----- The data -----
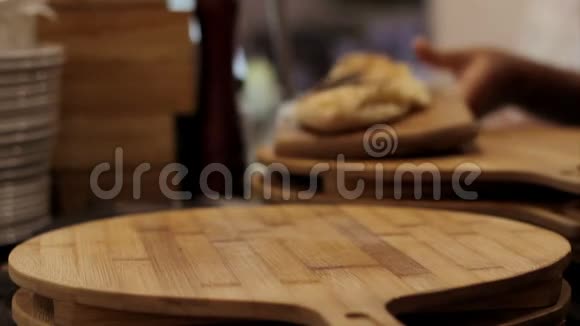 意大利餐厅的美食烤蒜面包准备好视频的预览图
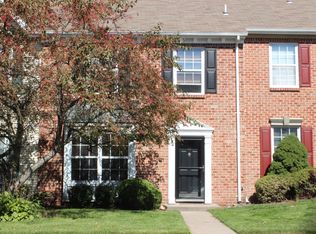 10 Lindsey Ct, Franklin Park, NJ 08823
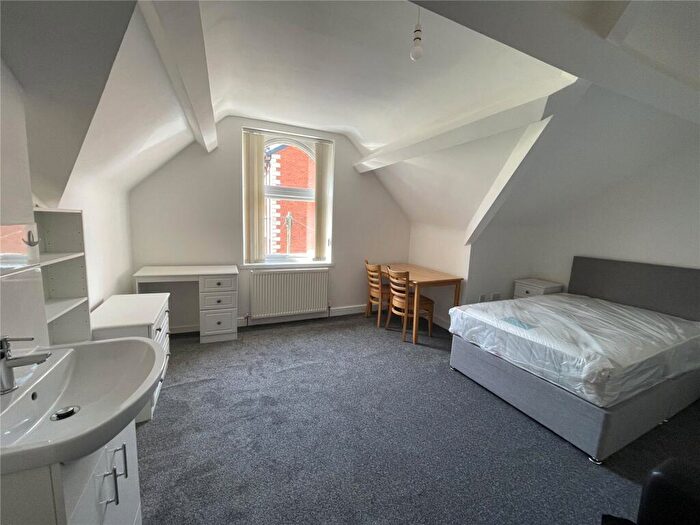 1 Bedroom Apartment To Rent In Farrar Road, Bangor, Gwynedd, LL57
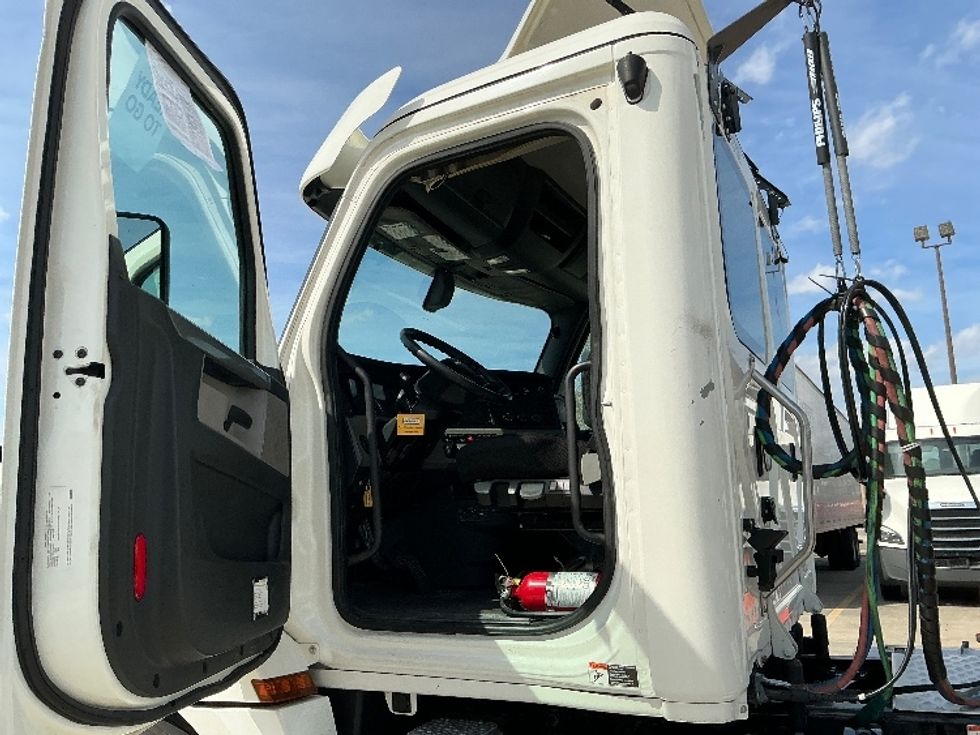 Day Cab Tractor-Heavy Duty Tractors-Freightliner-2020-T12664ST-Lafayette-LA-245,940\n\t\tmiles-$ 56,750 - Image 9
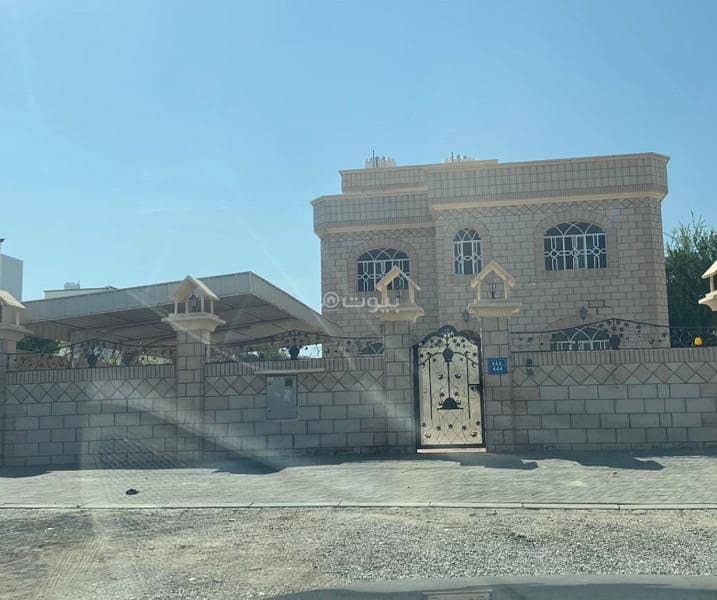 6 Bedrooms Villa For Rent Al Amarat, Muscat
-----
Which lines run from the one holding "1 Bedroom Apartment" through the end of the records? Reproduce them word for word, both ends included, with no pictures.

 1 Bedroom Apartment To Rent In Farrar Road, Bangor, Gwynedd, LL57
 Day Cab Tractor-Heavy Duty Tractors-Freightliner-2020-T12664ST-Lafayette-LA-245,940\n\t\tmiles-$ 56,750 - Image 9
 6 Bedrooms Villa For Rent Al Amarat, Muscat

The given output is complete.